Pregler’s been working at Everett’s for half his life. He grew up in the neighborhood and his grandmother bought meat at the butcher shop. So when, at the ripe age of 15, a family friend told him they needed a bag boy, he walked over and applied. “I’d never thought about being a butcher,” he says. “I’d always leaned toward fireman or policeman, but when I got here, I thought, ‘This is cool,’ and it kind of took off from there. I was a quiet, shy kid, but […] this place opened me up.”
The heart of Everett’s, back then and now, is Jack Pflepsen, its long-time owner and co-head butcher, alongside Pregler. Pflepsen bought the butcher shop from its original owner back in 1956 when he was just 26 years old. His father had been a butcher, so it was something he knew how to do. There’s a picture from those early days hanging in the shop: Pflepsen and his brothers are standing in the walk-in next to a full rail of beef sides. The three of them have on matching white shirts, bow ties, and jaunty white butcher caps. They look prosperous and happy.
All these years later, Jack’s brothers have passed away and he runs the business with his daughter, Nancy Klatke. But when we visited the shop recently, he looked remarkably the same, standing behind the counter in his paper cap, a kind smile on his face. He shied away from talking with us, preferring to let Pregler handle it; he was busy wrapping meat for his customers. “He’s 89, and he works six days a week, lifting 50-pound boxes,” says Pregler. “I think this keeps his bones right. […] It’s definitely an inspiration.”
Young Pregler elbowed his way into the butcher side of the business by following Pflepsen around the kitchen, watching him work and listening to him talk with customers. “He’d show me the right way to cut meat and be safe about it. That’s the real reason I still have all my fingers,” he says. “Eventually I just started saying, ‘I can do that,’ and they’d say, ‘Oh, he can do that.’”
There’s a lot to do at Everett’s: the case is huge and packed, and though some of it comes from other producers—like the deli salads, cheeses, cured meats, and frozen fish—the butchers have a hand in the bulk of it.
The shop gets its fresh meat from farms in Minnesota, Wisconsin, and Iowa. Pregler says the animals are free-range and fed a mix of grain and grass—and that Everett’s sells a lot of it. Each week, the shop’s three butchers break down around six quarters of beef, four or five pigs, a couple of lambs, and something like 150 chickens. “That’s not a huge amount of chicken,” says Pregler. “We’ll triple that during the summer barbecue season, and we sold about 500 pounds of wings in the couple of days leading up to the Super Bowl.”

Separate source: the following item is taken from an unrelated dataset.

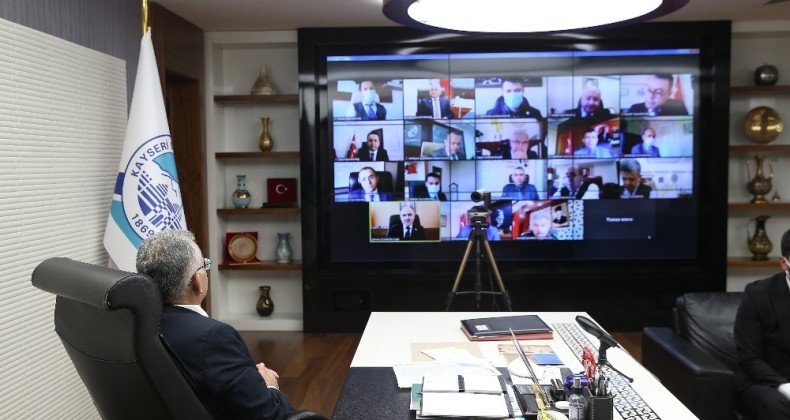 Başkan Büyükkılıç İl Umumi Hıfzısıhha Kurulu’na katıldı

Other popular items include the shop’s housemade ground beef, bologna, meatloaf, and hilariously giant Renaissance Festival–style turkey legs. And, of course, anything that comes out of the shop’s two smokehouses, which are the size of bank vaults. Pregler opened one while we were there and a blast of heat rolled over us like a meat sauna, redolent with smoky sweet bacon, beef jerky, and sausages.
Pregler is particularly proud of the sausages, which range in flavor from the expected—hot dogs, spicy andouille, Polish sausages—to some of Pregler’s own, wilder inventions, like the bacon-cheeseburger brat. “I also make gluten-free sausages using rice flour instead of wheat,” he says. “It’s actually a little smoother, a little more neutral so you taste more of the meat, and they still have a nice snap when you bite into them.”
When we ask him to tell us about some of his more unusual orders, he mentions a pack of Yorkies that eat a very exclusive diet of chicken thighs, hearts, and bones. And there’s a guy that brings him a gallon bag of Trinidad scorpion peppers every year. “He grows them at home, and we make him up a whole batch of beef sticks. They’re like Slim Jims, but better.”
But, Pregler says, day to day it’s mostly just folks buying meat for their families, and he’s always glad to see their faces. “It’s like ‘Cheers’ in here—we know everybody’s name,” he says. “And you know, this has been my one and only job, so I’ve been here to see a lot of kids grow up, and a lot of people have seen me grow up. That’s really nice, not everybody has that.”